:: TASK DIRECTIONS ::
Every line from the one containing "Used 2019 Toyota" to the end of the records below should be returned exactly; pictures are to be dropped.
⁂
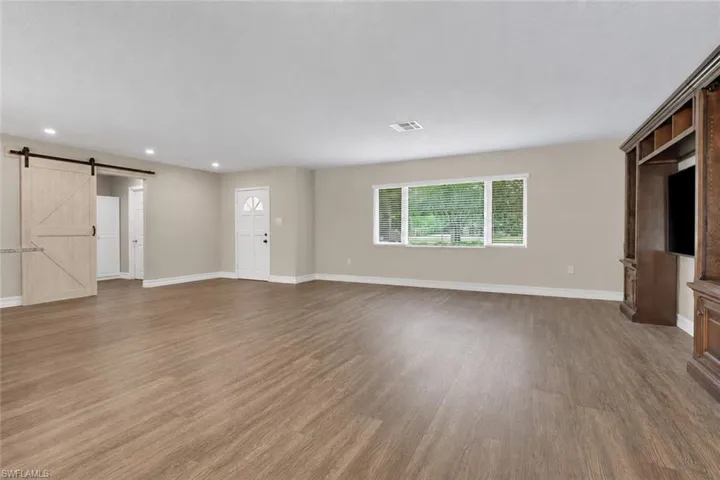 6101 Lancewood Way, Naples, Florida 34116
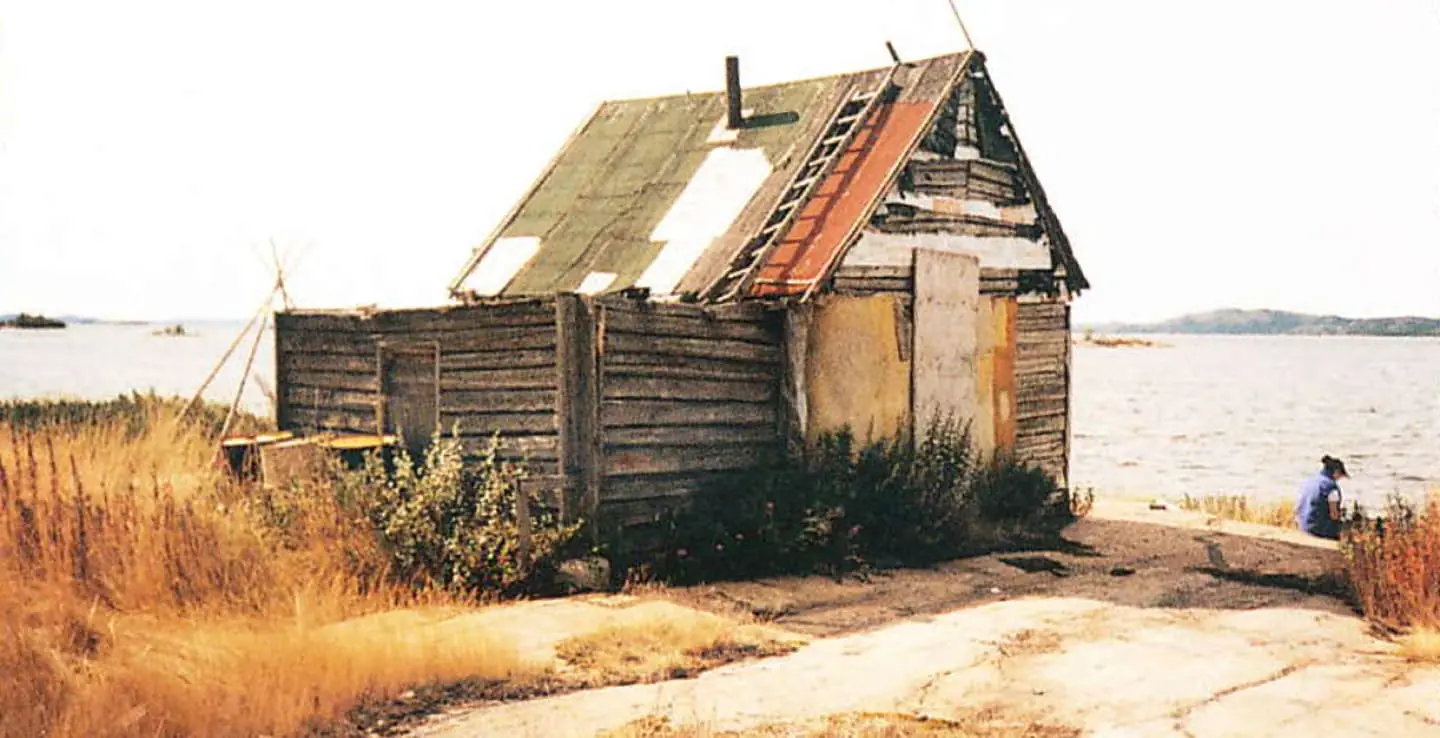 An archival photo of a cabin in Xaelı K'ogola (Marian Village) on the shores of Marian Lake.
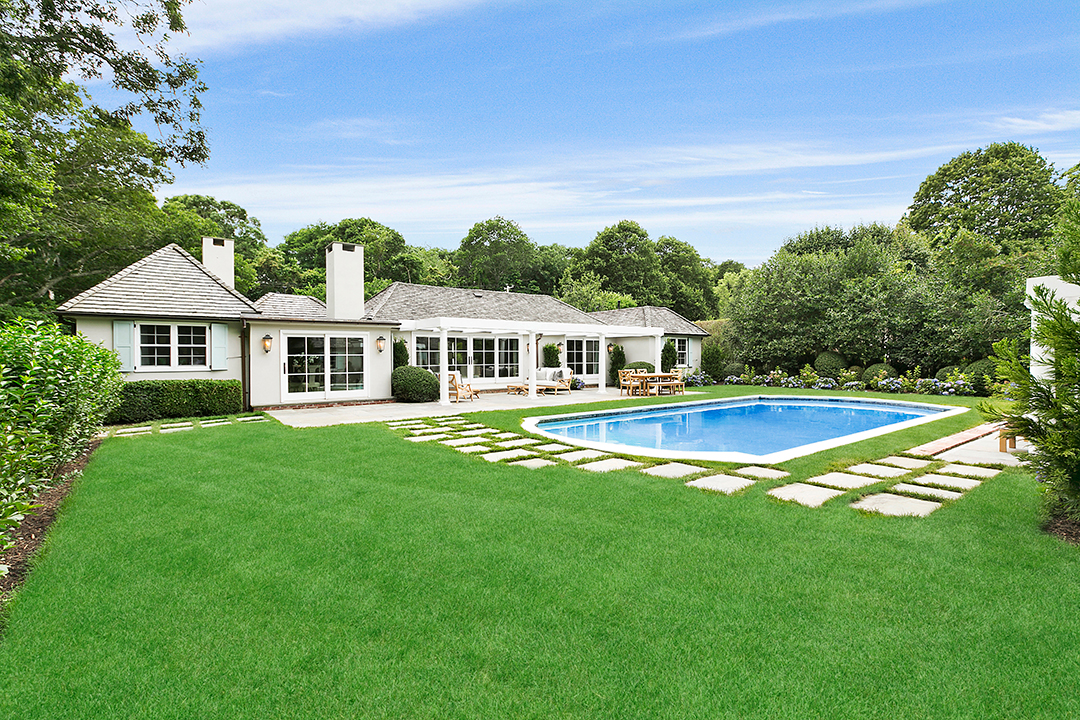 Rachael Ray Parts Ways With 6 Acre Southampton Retreat For 3 25m Pool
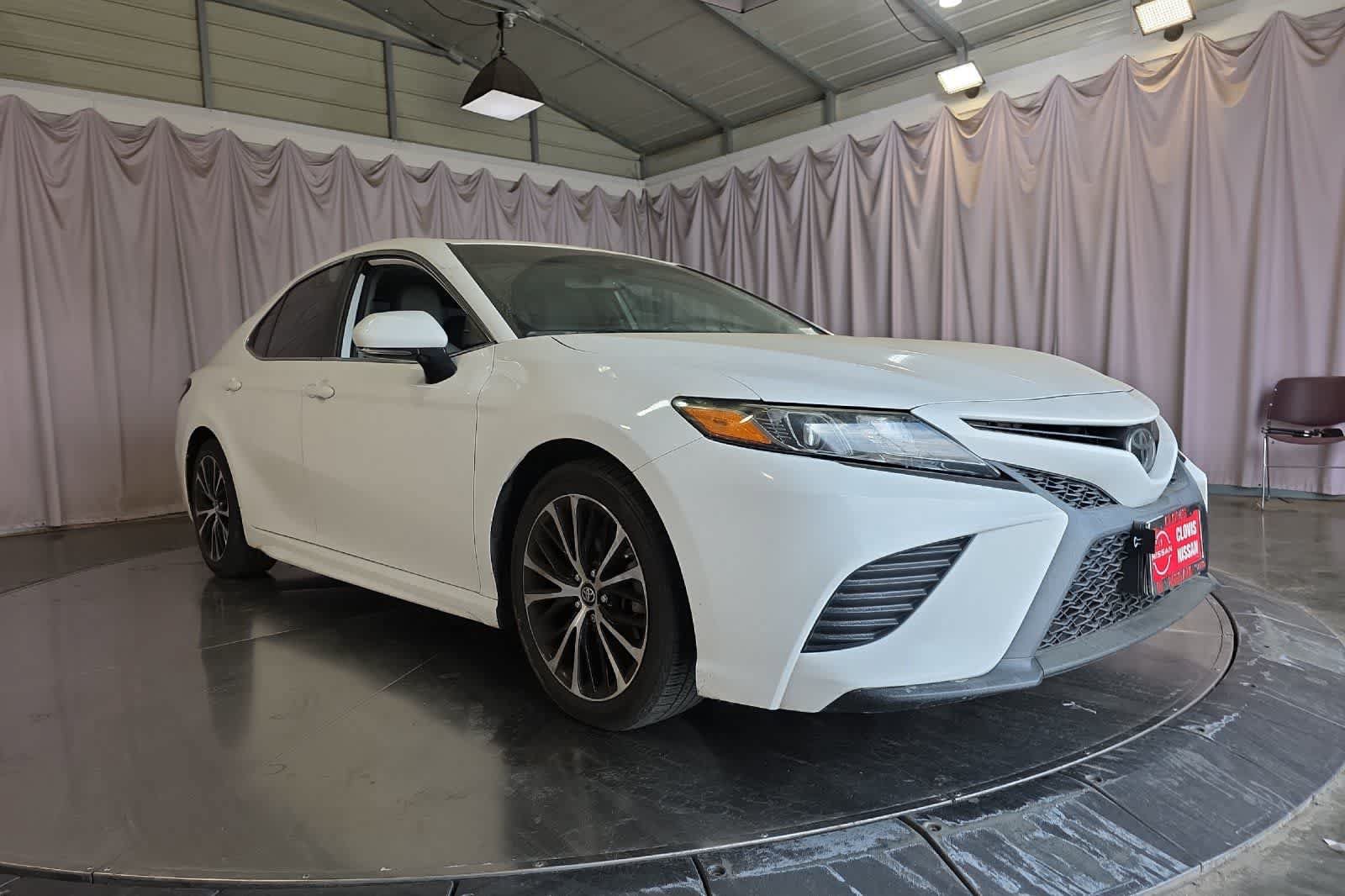 Used 2019 Toyota Camry SE w/ Audio Package FWD image 10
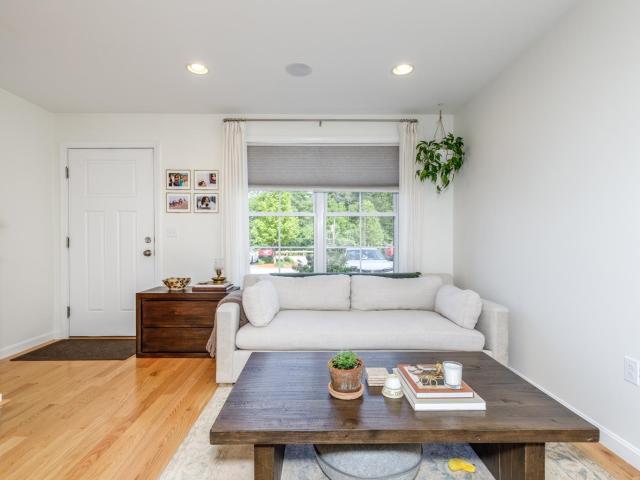 Condo for sale in Derry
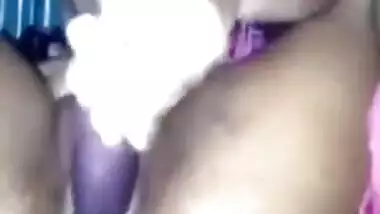 Hardcore Desi XXX masturbation with veggies of Bangla village slut
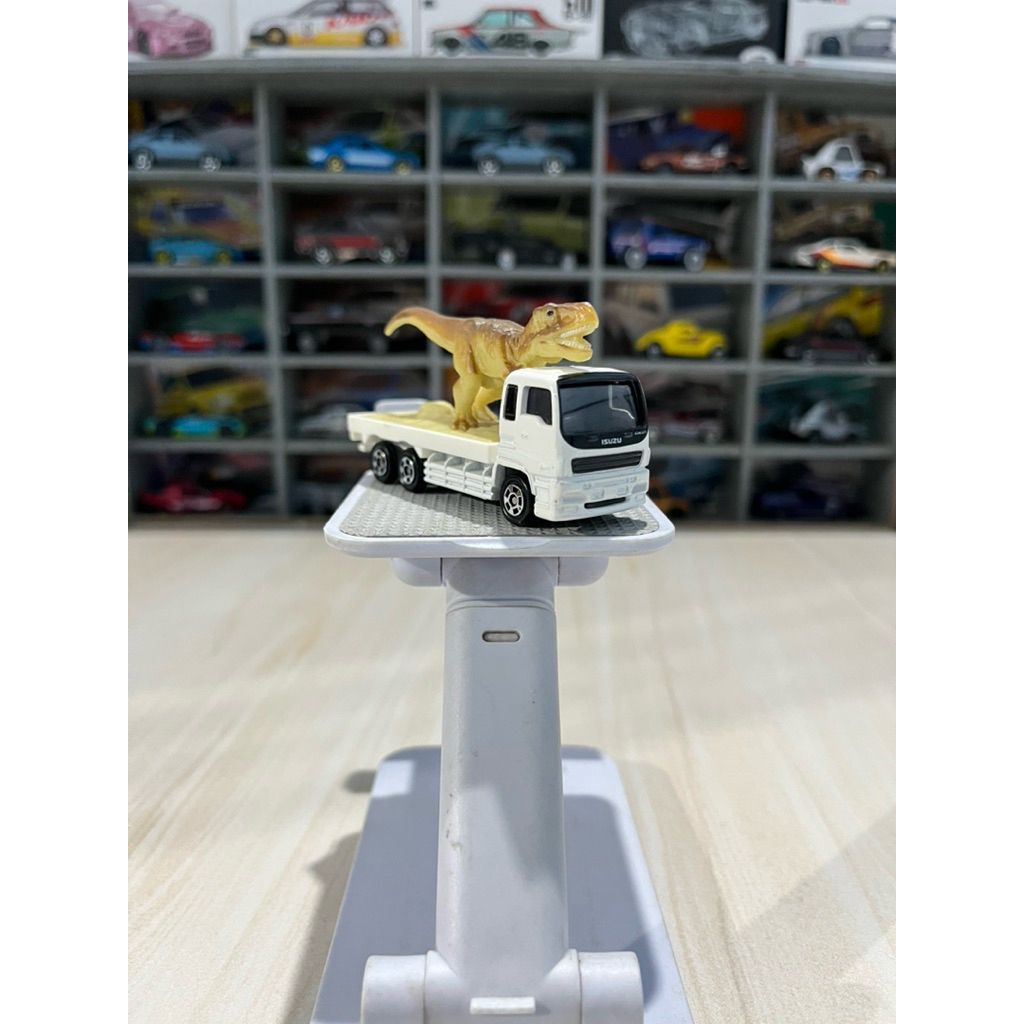 Tomica Isuzu Giga Loose 98%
⁂
:: THE COMPLETED TASK ::
 Used 2019 Toyota Camry SE w/ Audio Package FWD image 10
 Condo for sale in Derry
 Hardcore Desi XXX masturbation with veggies of Bangla village slut
 Tomica Isuzu Giga Loose 98%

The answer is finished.